#### [Instructions for the task]
Restate word for word the lines of the records below, starting at the line that contains "Used 2024 GMC Canyon AT4X image 29" and ending at the line that contains "VOLKSWAGEN New Beetle 1.6 Cabrio", with both of those lines included and nothing else.
★ ★ ★
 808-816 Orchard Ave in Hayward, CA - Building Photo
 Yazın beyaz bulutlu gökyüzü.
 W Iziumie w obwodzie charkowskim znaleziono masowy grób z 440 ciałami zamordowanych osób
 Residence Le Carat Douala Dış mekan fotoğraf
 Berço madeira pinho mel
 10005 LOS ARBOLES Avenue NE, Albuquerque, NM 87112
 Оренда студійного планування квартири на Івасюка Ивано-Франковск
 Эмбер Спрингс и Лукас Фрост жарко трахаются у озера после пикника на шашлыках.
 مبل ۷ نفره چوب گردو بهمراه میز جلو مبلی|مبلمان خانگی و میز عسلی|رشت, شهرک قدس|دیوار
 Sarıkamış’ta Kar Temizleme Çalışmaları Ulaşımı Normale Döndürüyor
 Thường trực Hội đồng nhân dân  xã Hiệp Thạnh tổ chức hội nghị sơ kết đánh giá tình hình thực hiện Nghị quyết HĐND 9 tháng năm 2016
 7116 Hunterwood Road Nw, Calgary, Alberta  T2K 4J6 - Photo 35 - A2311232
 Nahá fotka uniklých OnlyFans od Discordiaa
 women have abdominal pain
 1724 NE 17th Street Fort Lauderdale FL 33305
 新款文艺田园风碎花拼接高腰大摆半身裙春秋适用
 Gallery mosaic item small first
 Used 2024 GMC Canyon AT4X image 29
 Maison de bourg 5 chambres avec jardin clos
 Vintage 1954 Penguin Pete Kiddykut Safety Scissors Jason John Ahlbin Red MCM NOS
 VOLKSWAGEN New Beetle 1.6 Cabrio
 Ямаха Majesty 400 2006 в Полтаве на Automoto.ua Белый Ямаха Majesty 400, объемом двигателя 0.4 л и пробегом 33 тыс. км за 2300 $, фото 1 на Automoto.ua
★ ★ ★
#### [Written response]
 Used 2024 GMC Canyon AT4X image 29
 Maison de bourg 5 chambres avec jardin clos
 Vintage 1954 Penguin Pete Kiddykut Safety Scissors Jason John Ahlbin Red MCM NOS
 VOLKSWAGEN New Beetle 1.6 Cabrio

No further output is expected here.